TASK OBJECTIVE
Below is a listing; write it out exactly and drop any images from it.

==== GIVEN DATA

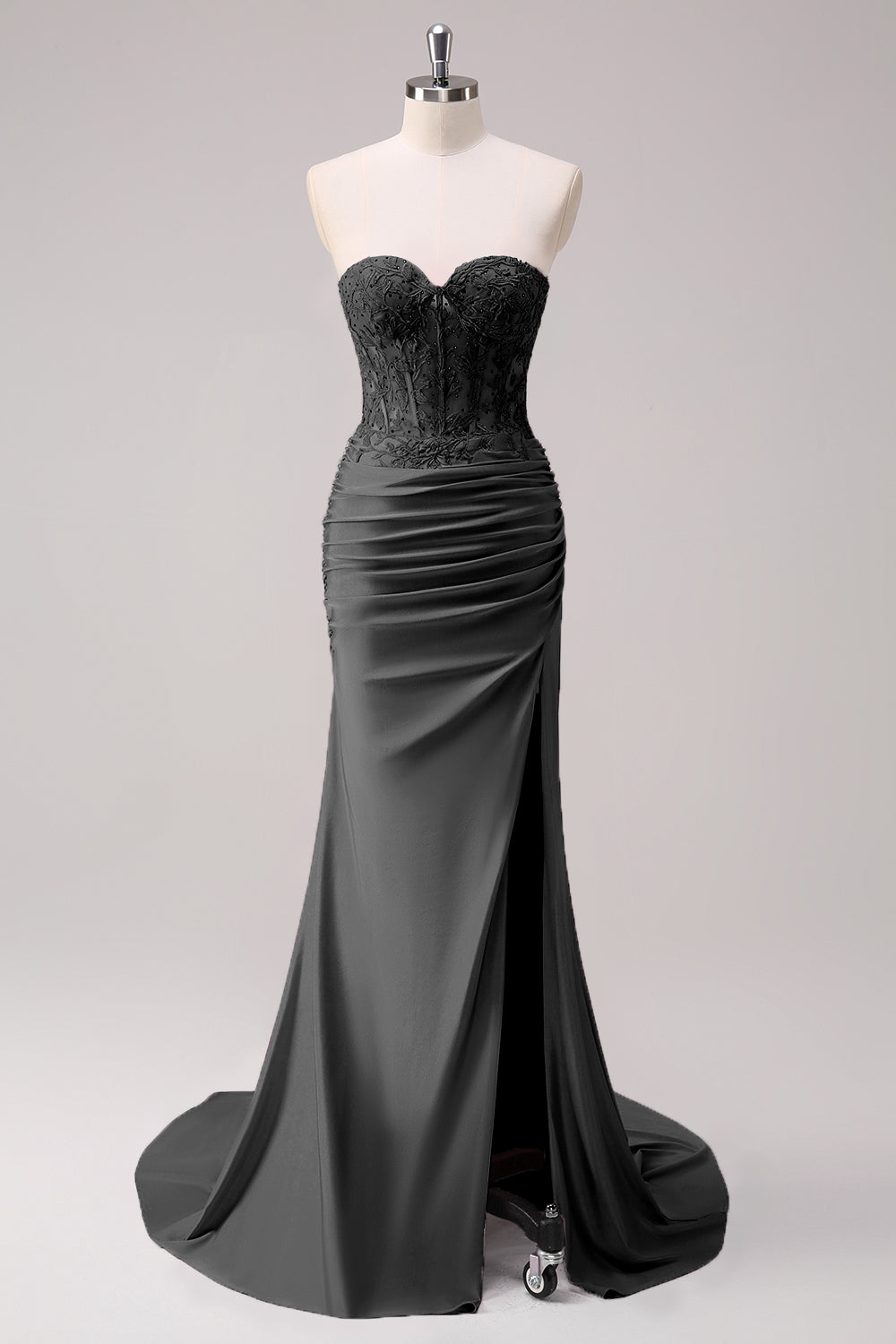 Sirène applique bustier corset Robe De Soirée fuchsia avec fente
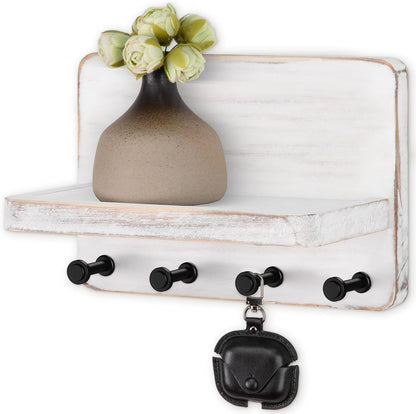 Nekon Key Holder for Wall with Shelf, Pine Wooden Key Hanger Wall Mounted, Farmhouse Wall Organizer for Home Entryway & Apartment (Standard, Wood)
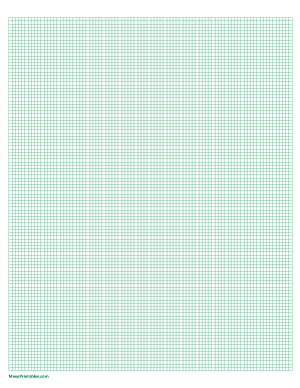 11 Squares Per Inch Green Graph Paper  - Letter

========

SOLUTION TO THIS EXERCISE
 Sirène applique bustier corset Robe De Soirée fuchsia avec fente
 Nekon Key Holder for Wall with Shelf, Pine Wooden Key Hanger Wall Mounted, Farmhouse Wall Organizer for Home Entryway & Apartment (Standard, Wood)
 11 Squares Per Inch Green Graph Paper  - Letter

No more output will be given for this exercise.